House Intel Committee subpoenas DOJ for Mueller report

- Zachary Basu, author ofAxios Sneak Peek

Reps. Devin Nunes and Adam Schiff. Photo: Drew Angerer/Getty Images
The House Intelligence Committee subpoenaed the Department of Justice on Wednesday evening for "all counterintelligence and foreign intelligence materials in the probe, the full report, and underlying evidence," within the Mueller report, with House Intelligence Chairman Adam Schiff (D-Calif.) tweeting: "We will not be obstructed."
The backdrop: On April 25, Schiff and Ranking Member Devin Nunes (R-Calif.) sent a letter to the Justice Department reiterating their demand for special counsel Robert Mueller to brief the committee about his counterintelligence findings — threatening "compulsory process" if the department does not comply.
"Unfortunately, as the report makes clear, the Department of Justice and the FBI failed to keep the Committee 'fully and currently informed' of this important foreign intelligence and counterintelligence information, as required by law. ...

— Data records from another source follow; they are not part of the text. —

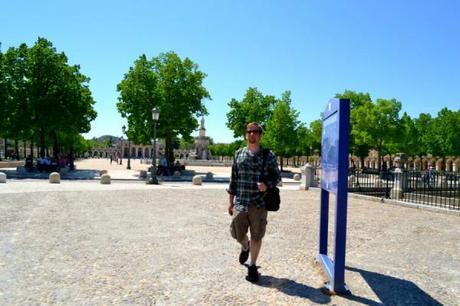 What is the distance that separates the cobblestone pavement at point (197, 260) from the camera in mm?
5852

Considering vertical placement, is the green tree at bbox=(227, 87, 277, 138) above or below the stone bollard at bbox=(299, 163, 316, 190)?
above

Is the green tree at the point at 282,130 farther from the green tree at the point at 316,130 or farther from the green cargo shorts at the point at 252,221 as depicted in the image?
the green cargo shorts at the point at 252,221

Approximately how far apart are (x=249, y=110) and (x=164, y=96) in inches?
783

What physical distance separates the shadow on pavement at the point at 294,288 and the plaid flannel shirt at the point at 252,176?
3.48ft

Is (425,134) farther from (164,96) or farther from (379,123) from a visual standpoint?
(164,96)

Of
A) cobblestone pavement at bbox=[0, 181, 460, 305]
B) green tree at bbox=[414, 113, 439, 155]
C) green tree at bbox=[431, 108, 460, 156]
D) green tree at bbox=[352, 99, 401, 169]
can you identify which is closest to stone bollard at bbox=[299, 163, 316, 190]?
cobblestone pavement at bbox=[0, 181, 460, 305]

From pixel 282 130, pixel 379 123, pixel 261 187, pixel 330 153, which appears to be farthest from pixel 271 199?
pixel 379 123

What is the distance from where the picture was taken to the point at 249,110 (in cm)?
6062

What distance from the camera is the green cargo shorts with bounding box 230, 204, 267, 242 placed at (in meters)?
6.41

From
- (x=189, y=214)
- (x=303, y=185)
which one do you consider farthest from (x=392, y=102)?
(x=189, y=214)

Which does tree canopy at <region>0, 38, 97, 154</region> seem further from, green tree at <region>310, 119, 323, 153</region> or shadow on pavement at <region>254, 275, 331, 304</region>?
green tree at <region>310, 119, 323, 153</region>

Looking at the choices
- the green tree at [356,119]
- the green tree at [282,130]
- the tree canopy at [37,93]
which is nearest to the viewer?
the tree canopy at [37,93]

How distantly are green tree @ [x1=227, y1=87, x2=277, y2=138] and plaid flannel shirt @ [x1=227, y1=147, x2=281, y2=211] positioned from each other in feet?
176

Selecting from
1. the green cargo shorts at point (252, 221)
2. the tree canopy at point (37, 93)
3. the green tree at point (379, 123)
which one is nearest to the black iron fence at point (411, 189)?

It is deeply unfortunate, moreover, that the Department and the Bureau failed to respond to the Committee's March 27 request, including to initiate a dialogue to facilitate the production of this information to the Committee and to schedule associated briefings requested in our letter. The Department also failed to respond to the Committee's April 18 request for Special Counsel Mueller to testify before the Committee."
As CNN's Manu Raju notes, the two lawmakers have different motivations for requesting Mueller's counterintelligence information.
- Schiff is interested in finding out whether Trump or members of his orbit may be compromised by foreign powers.
- Nunes, a staunch ally of the president, is seeking information for his own probe into potential abuses by the FBI in launching the Russia investigation.
- Regardless of their reasoning, the letter marks a rare show of bipartisan unity in threatening a subpoena in response to inaction by the Trump administration.